Start of Study material
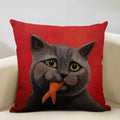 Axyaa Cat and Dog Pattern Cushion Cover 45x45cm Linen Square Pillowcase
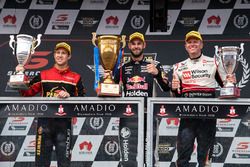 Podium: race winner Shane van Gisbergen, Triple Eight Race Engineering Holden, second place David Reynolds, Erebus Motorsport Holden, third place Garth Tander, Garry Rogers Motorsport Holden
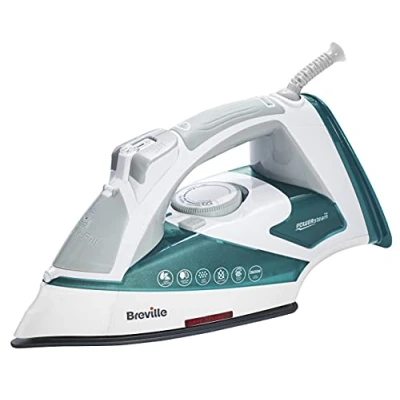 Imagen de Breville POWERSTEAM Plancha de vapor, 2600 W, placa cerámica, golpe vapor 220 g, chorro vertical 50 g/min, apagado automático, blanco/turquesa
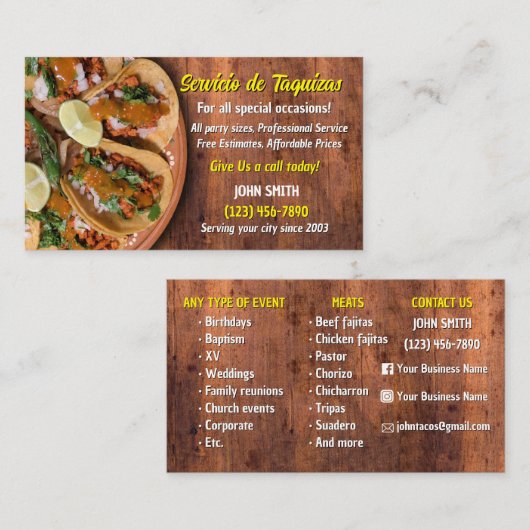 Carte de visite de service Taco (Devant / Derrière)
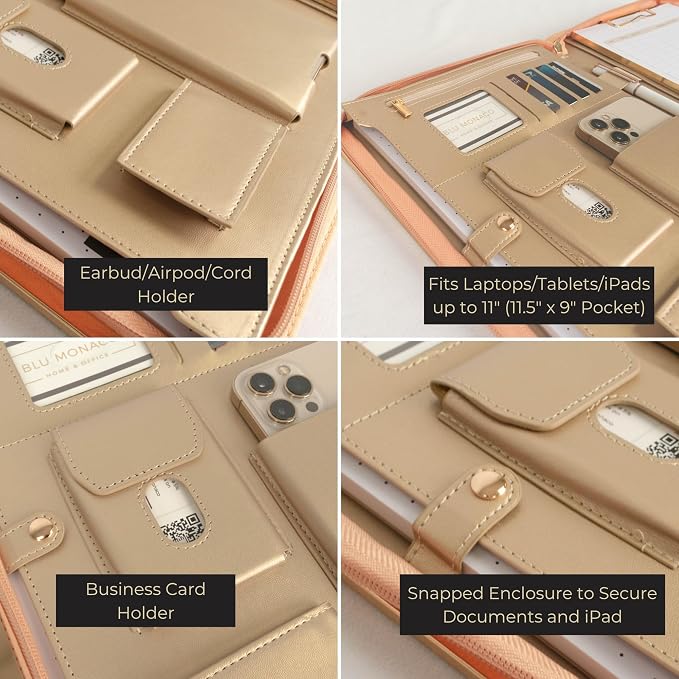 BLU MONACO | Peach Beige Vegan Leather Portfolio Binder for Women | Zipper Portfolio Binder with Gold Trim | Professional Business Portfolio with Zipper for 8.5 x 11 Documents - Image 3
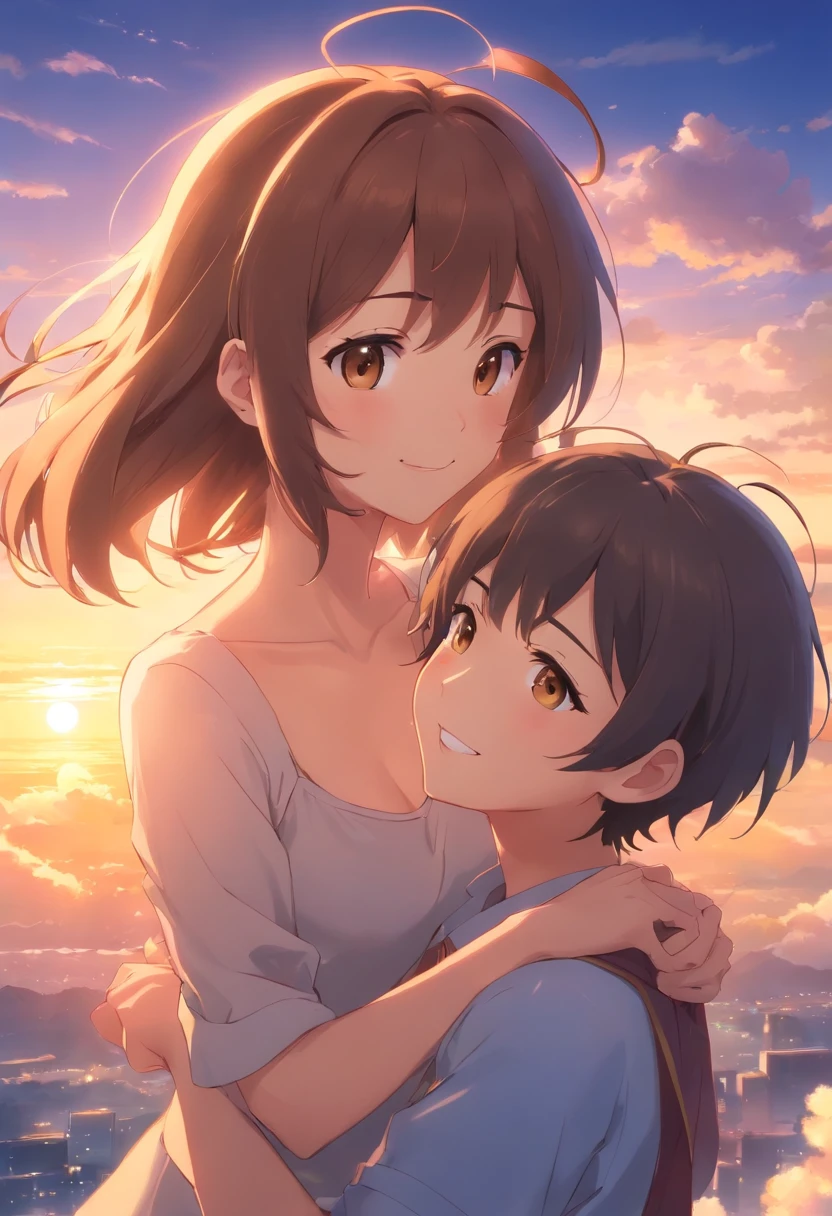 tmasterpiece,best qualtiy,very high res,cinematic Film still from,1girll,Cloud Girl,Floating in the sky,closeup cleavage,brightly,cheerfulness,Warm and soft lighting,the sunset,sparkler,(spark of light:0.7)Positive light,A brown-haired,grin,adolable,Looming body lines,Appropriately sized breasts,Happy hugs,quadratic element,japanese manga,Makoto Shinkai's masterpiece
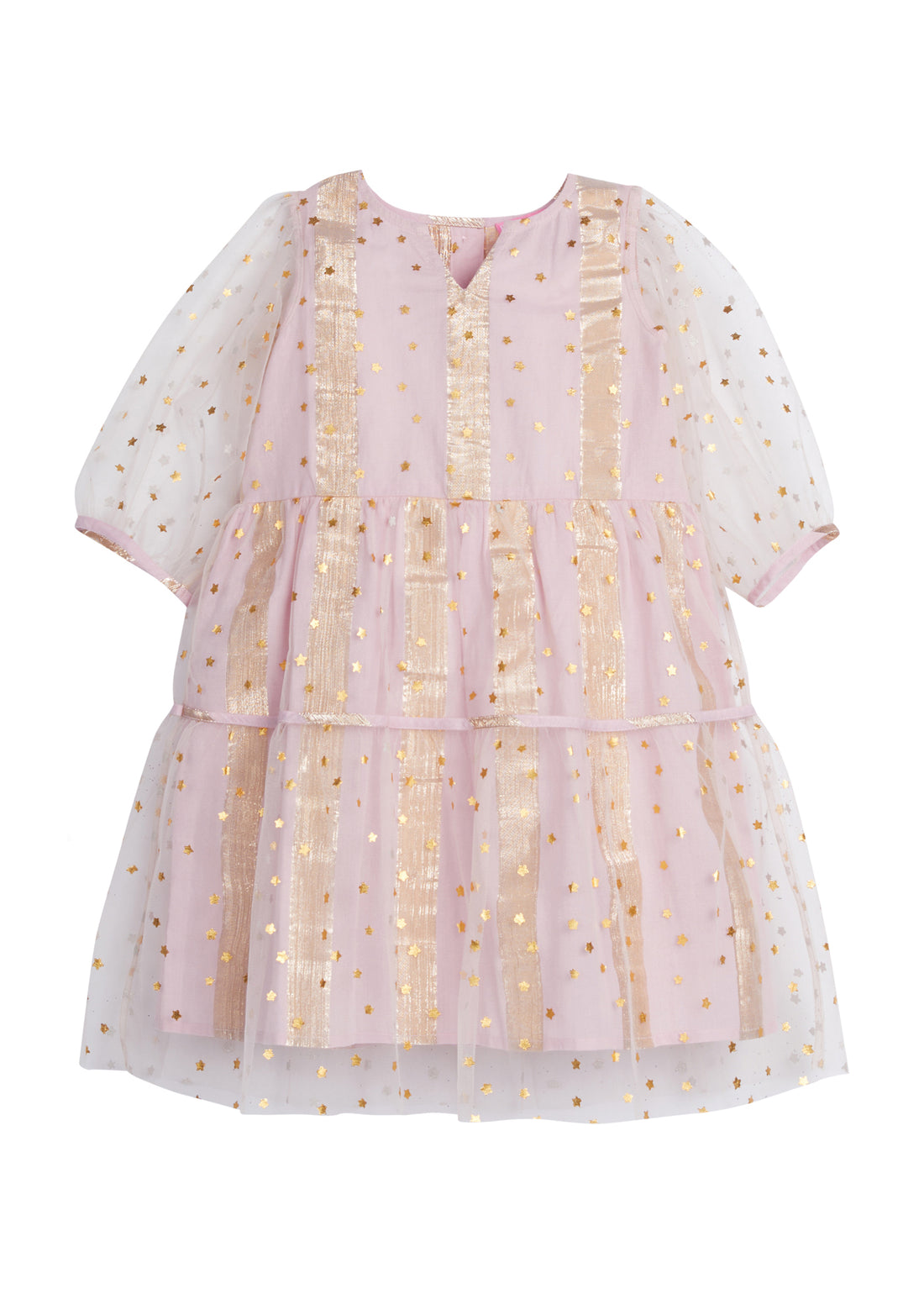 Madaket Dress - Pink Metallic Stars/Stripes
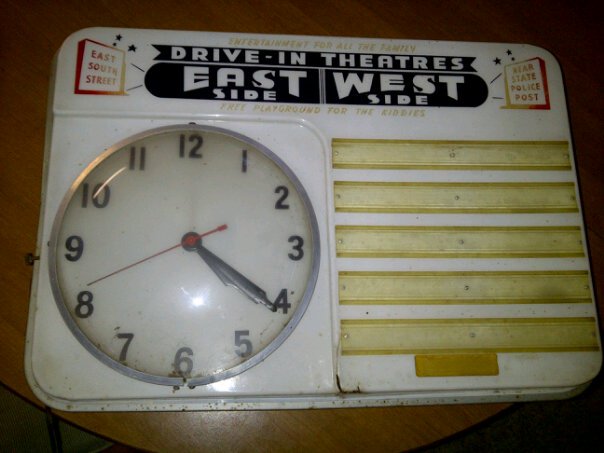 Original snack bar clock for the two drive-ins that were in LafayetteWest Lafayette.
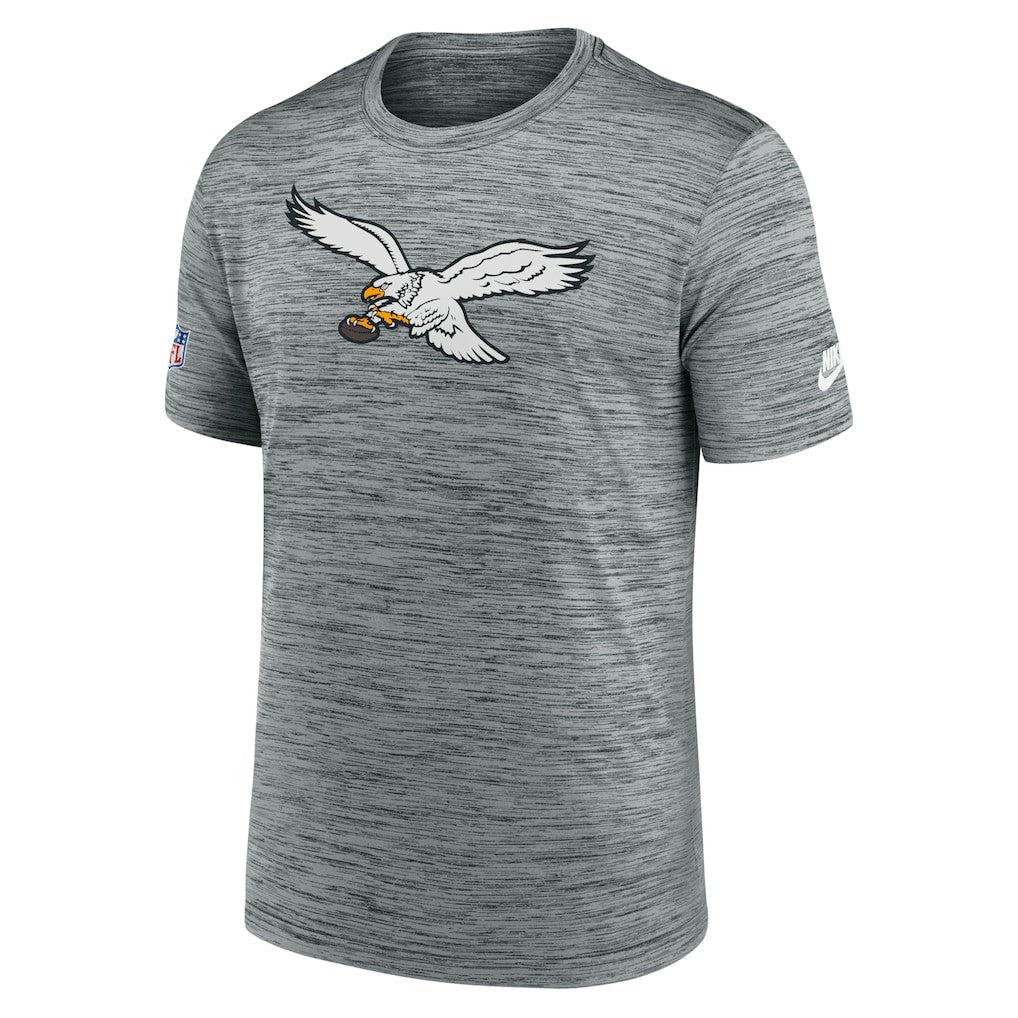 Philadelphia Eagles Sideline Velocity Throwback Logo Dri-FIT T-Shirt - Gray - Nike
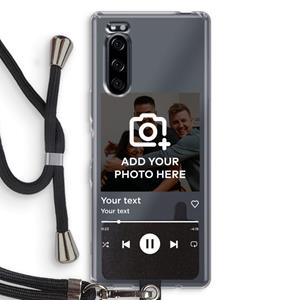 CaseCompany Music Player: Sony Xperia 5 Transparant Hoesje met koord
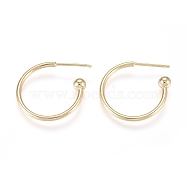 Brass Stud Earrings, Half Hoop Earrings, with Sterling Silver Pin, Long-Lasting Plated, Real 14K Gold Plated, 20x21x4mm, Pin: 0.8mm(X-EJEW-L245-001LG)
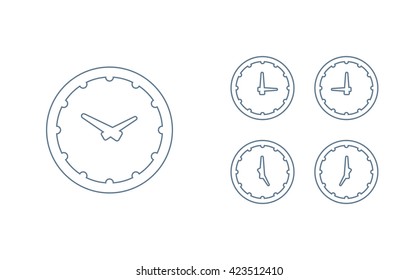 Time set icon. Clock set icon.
End of Study material
The required output is the exact lines from the opening line of the entries through the line with "Imagen de Breville", inclusive, without pictures.

Problem solution.
 Axyaa Cat and Dog Pattern Cushion Cover 45x45cm Linen Square Pillowcase
 Podium: race winner Shane van Gisbergen, Triple Eight Race Engineering Holden, second place David Reynolds, Erebus Motorsport Holden, third place Garth Tander, Garry Rogers Motorsport Holden
 Imagen de Breville POWERSTEAM Plancha de vapor, 2600 W, placa cerámica, golpe vapor 220 g, chorro vertical 50 g/min, apagado automático, blanco/turquesa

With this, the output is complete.